**TASK INSTRUCTIONS:** Please write out word for word the opening lines of the material, including the line with "Volvo V60 Cross" as the last.

** DATA PROVIDED follows **

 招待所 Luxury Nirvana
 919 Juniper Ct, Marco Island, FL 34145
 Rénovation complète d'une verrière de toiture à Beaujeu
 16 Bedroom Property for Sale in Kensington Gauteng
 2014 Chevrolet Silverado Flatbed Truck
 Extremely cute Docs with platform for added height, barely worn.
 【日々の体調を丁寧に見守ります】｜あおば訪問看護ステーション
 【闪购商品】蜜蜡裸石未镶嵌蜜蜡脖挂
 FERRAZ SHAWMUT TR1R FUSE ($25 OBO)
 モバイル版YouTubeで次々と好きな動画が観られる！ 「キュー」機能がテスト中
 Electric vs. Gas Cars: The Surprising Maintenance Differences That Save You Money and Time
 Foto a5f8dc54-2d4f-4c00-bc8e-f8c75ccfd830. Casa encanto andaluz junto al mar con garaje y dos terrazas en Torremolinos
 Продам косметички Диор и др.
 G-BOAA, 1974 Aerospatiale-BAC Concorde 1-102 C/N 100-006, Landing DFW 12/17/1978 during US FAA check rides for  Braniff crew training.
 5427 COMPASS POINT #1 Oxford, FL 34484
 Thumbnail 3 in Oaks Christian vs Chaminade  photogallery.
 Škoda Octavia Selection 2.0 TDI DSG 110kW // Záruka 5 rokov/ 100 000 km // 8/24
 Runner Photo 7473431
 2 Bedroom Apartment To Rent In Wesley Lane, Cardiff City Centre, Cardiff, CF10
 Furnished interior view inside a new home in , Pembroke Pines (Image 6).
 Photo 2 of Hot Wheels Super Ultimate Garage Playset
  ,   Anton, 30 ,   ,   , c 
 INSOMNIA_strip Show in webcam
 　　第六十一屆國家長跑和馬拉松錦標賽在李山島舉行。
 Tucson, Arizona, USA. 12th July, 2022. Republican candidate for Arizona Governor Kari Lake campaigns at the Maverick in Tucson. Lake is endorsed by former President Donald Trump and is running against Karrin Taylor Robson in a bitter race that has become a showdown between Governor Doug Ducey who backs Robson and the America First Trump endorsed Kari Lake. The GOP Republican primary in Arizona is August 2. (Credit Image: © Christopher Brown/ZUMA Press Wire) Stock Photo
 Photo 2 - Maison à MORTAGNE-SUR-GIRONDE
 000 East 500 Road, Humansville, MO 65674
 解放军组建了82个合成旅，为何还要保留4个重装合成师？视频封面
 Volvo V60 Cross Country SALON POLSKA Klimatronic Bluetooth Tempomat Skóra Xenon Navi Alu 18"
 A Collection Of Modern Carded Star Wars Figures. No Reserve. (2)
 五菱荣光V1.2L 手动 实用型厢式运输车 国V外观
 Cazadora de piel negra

** End of DATA PROVIDED **

**OUTPUT:**
 招待所 Luxury Nirvana
 919 Juniper Ct, Marco Island, FL 34145
 Rénovation complète d'une verrière de toiture à Beaujeu
 16 Bedroom Property for Sale in Kensington Gauteng
 2014 Chevrolet Silverado Flatbed Truck
 Extremely cute Docs with platform for added height, barely worn.
 【日々の体調を丁寧に見守ります】｜あおば訪問看護ステーション
 【闪购商品】蜜蜡裸石未镶嵌蜜蜡脖挂
 FERRAZ SHAWMUT TR1R FUSE ($25 OBO)
 モバイル版YouTubeで次々と好きな動画が観られる！ 「キュー」機能がテスト中
 Electric vs. Gas Cars: The Surprising Maintenance Differences That Save You Money and Time
 Foto a5f8dc54-2d4f-4c00-bc8e-f8c75ccfd830. Casa encanto andaluz junto al mar con garaje y dos terrazas en Torremolinos
 Продам косметички Диор и др.
 G-BOAA, 1974 Aerospatiale-BAC Concorde 1-102 C/N 100-006, Landing DFW 12/17/1978 during US FAA check rides for  Braniff crew training.
 5427 COMPASS POINT #1 Oxford, FL 34484
 Thumbnail 3 in Oaks Christian vs Chaminade  photogallery.
 Škoda Octavia Selection 2.0 TDI DSG 110kW // Záruka 5 rokov/ 100 000 km // 8/24
 Runner Photo 7473431
 2 Bedroom Apartment To Rent In Wesley Lane, Cardiff City Centre, Cardiff, CF10
 Furnished interior view inside a new home in , Pembroke Pines (Image 6).
 Photo 2 of Hot Wheels Super Ultimate Garage Playset
  ,   Anton, 30 ,   ,   , c 
 INSOMNIA_strip Show in webcam
 　　第六十一屆國家長跑和馬拉松錦標賽在李山島舉行。
 Tucson, Arizona, USA. 12th July, 2022. Republican candidate for Arizona Governor Kari Lake campaigns at the Maverick in Tucson. Lake is endorsed by former President Donald Trump and is running against Karrin Taylor Robson in a bitter race that has become a showdown between Governor Doug Ducey who backs Robson and the America First Trump endorsed Kari Lake. The GOP Republican primary in Arizona is August 2. (Credit Image: © Christopher Brown/ZUMA Press Wire) Stock Photo
 Photo 2 - Maison à MORTAGNE-SUR-GIRONDE
 000 East 500 Road, Humansville, MO 65674
 解放军组建了82个合成旅，为何还要保留4个重装合成师？视频封面
 Volvo V60 Cross Country SALON POLSKA Klimatronic Bluetooth Tempomat Skóra Xenon Navi Alu 18"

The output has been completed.